__Your goal__.
The listing below should be printed again word for word, without any images.

--- Data extract ---

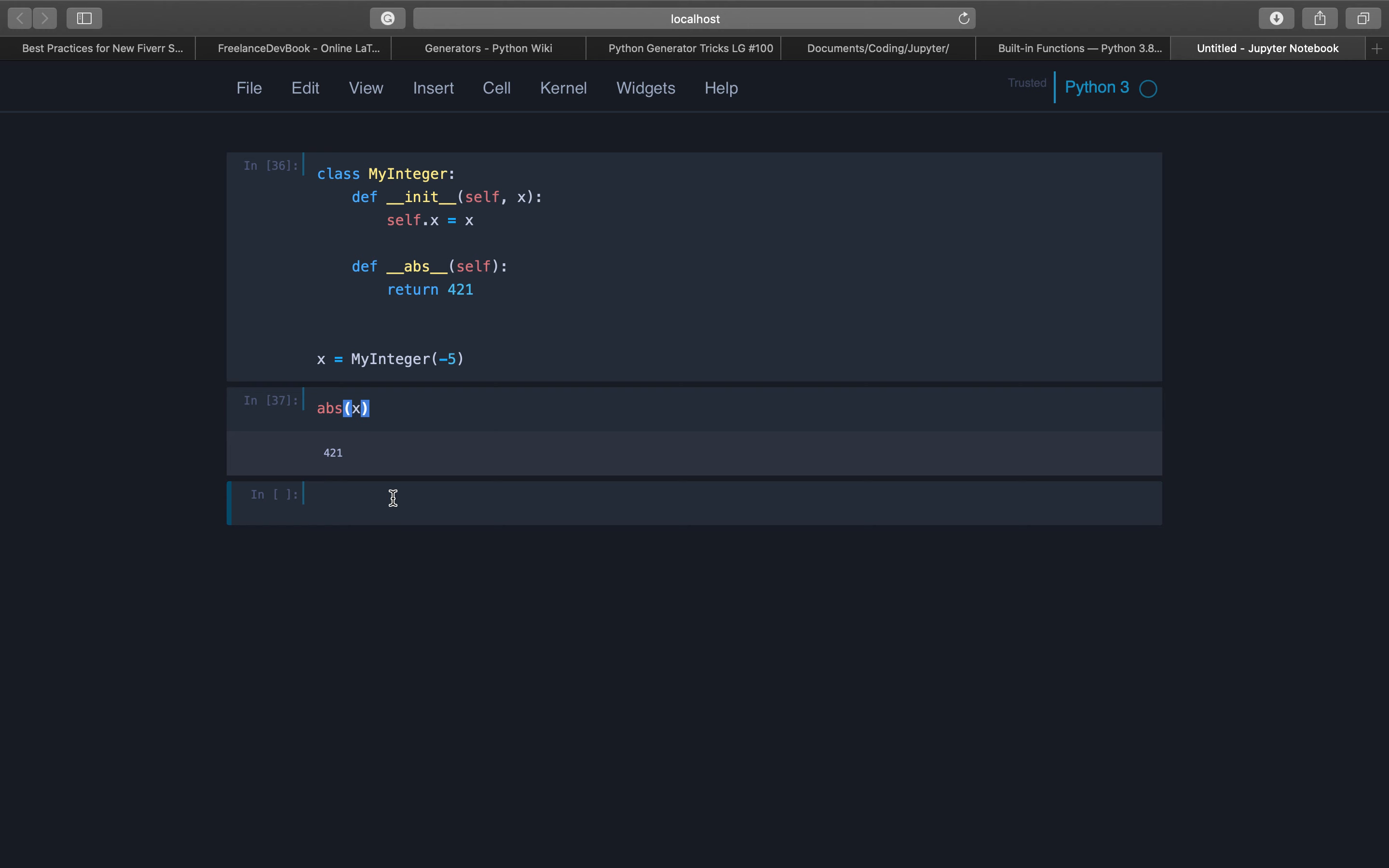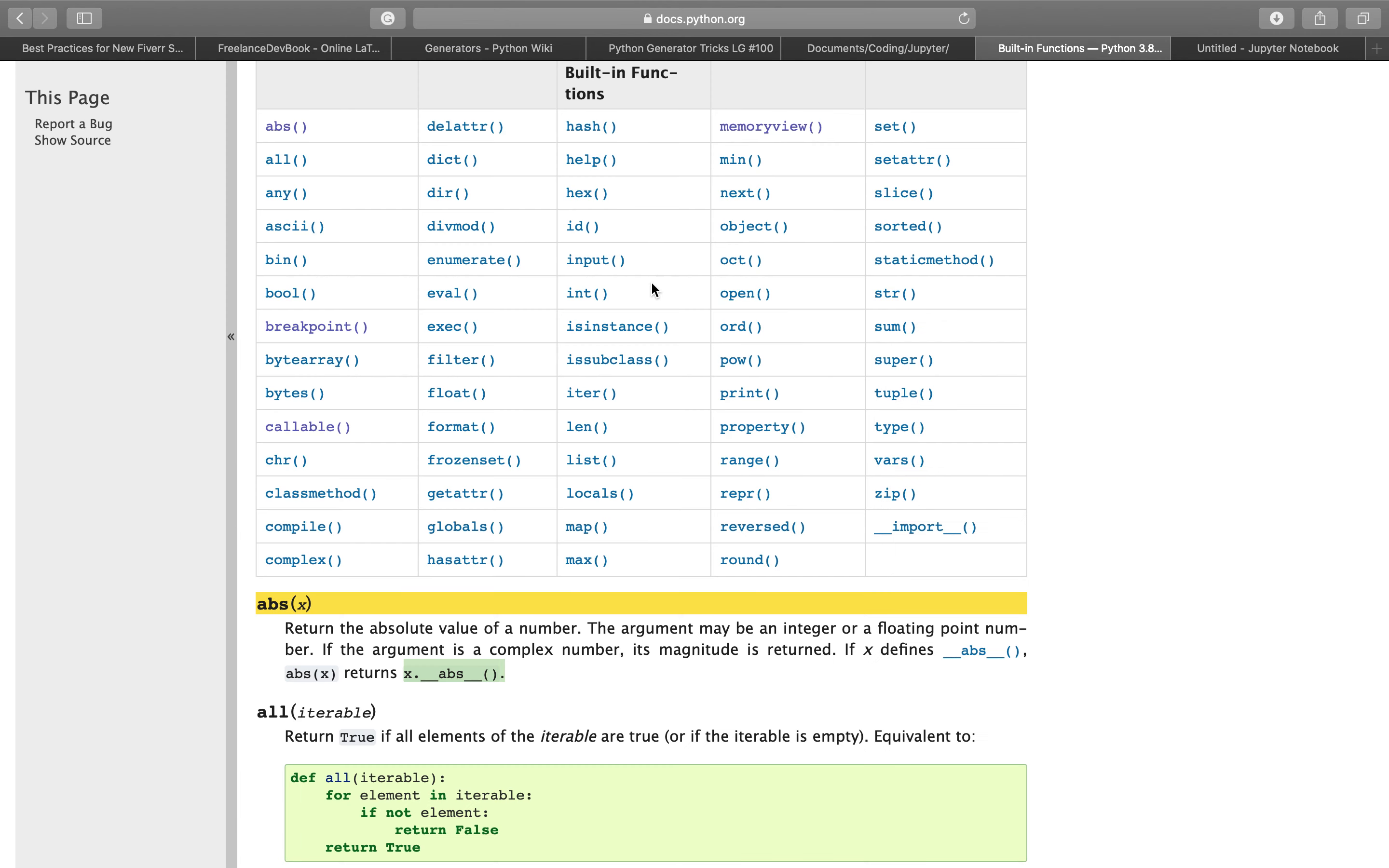So that's the built-in function abs which returns the absolute value of a number, be it integer or float. And there's a special case for complex numbers which we didn't consider here. If you're interested how it works for complex numbers, that's the task for you. In the next video we will have a look at the next built-in function which is the all function.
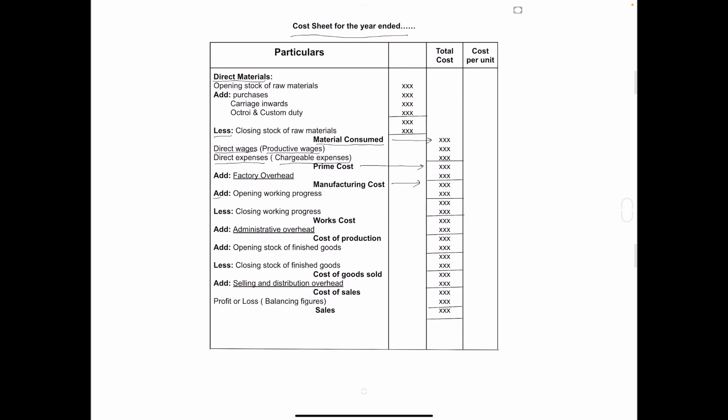In that we have to add opening work in progress and deduct closing work in progress. And the amount is called works cost.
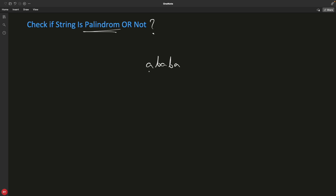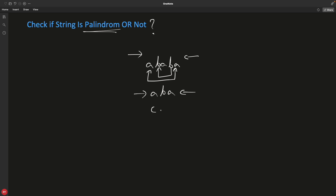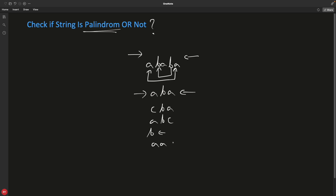So what is a palindrome? These two characters should be the same, these two should be the same — if you read the string from the back it is the same as reading from the front. Is 'ABA' a palindrome? Yes — from either direction it is 'ABA'. Is 'CBA' a palindrome? No. Is a single character 'B' a palindrome? Yes. Is 'AA' a palindrome? Yes — from both directions it reads 'AA'. So if you can read a string the same way from both directions, it is a palindrome.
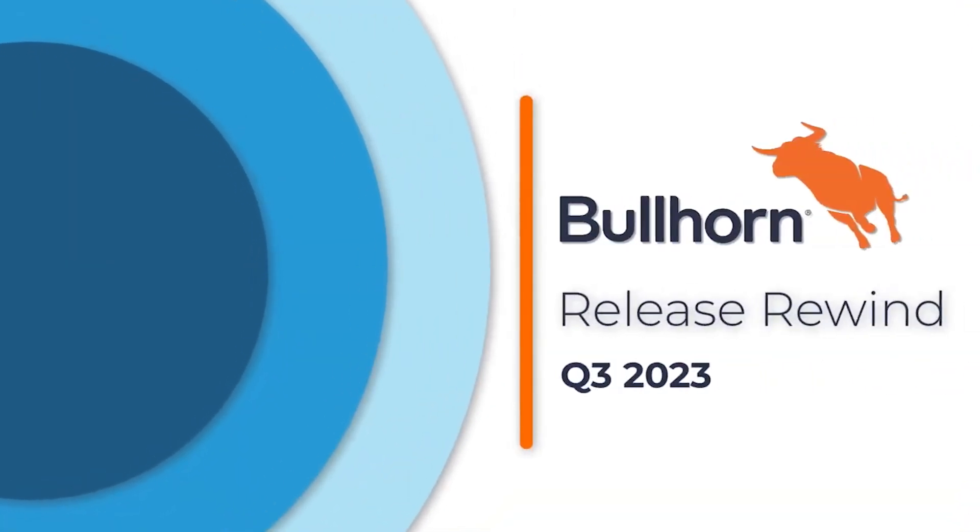Welcome to the Bullhorn Quarter 3 Release Rewind, our recap of the latest features that reflect our commitment to delivering an incredible customer experience.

---

__Response for this exercise__.
So that's the built-in function abs which returns the absolute value of a number, be it integer or float. And there's a special case for complex numbers which we didn't consider here. If you're interested how it works for complex numbers, that's the task for you. In the next video we will have a look at the next built-in function which is the all function.
In that we have to add opening work in progress and deduct closing work in progress. And the amount is called works cost.
So what is a palindrome? These two characters should be the same, these two should be the same — if you read the string from the back it is the same as reading from the front. Is 'ABA' a palindrome? Yes — from either direction it is 'ABA'. Is 'CBA' a palindrome? No. Is a single character 'B' a palindrome? Yes. Is 'AA' a palindrome? Yes — from both directions it reads 'AA'. So if you can read a string the same way from both directions, it is a palindrome.
Welcome to the Bullhorn Quarter 3 Release Rewind, our recap of the latest features that reflect our commitment to delivering an incredible customer experience.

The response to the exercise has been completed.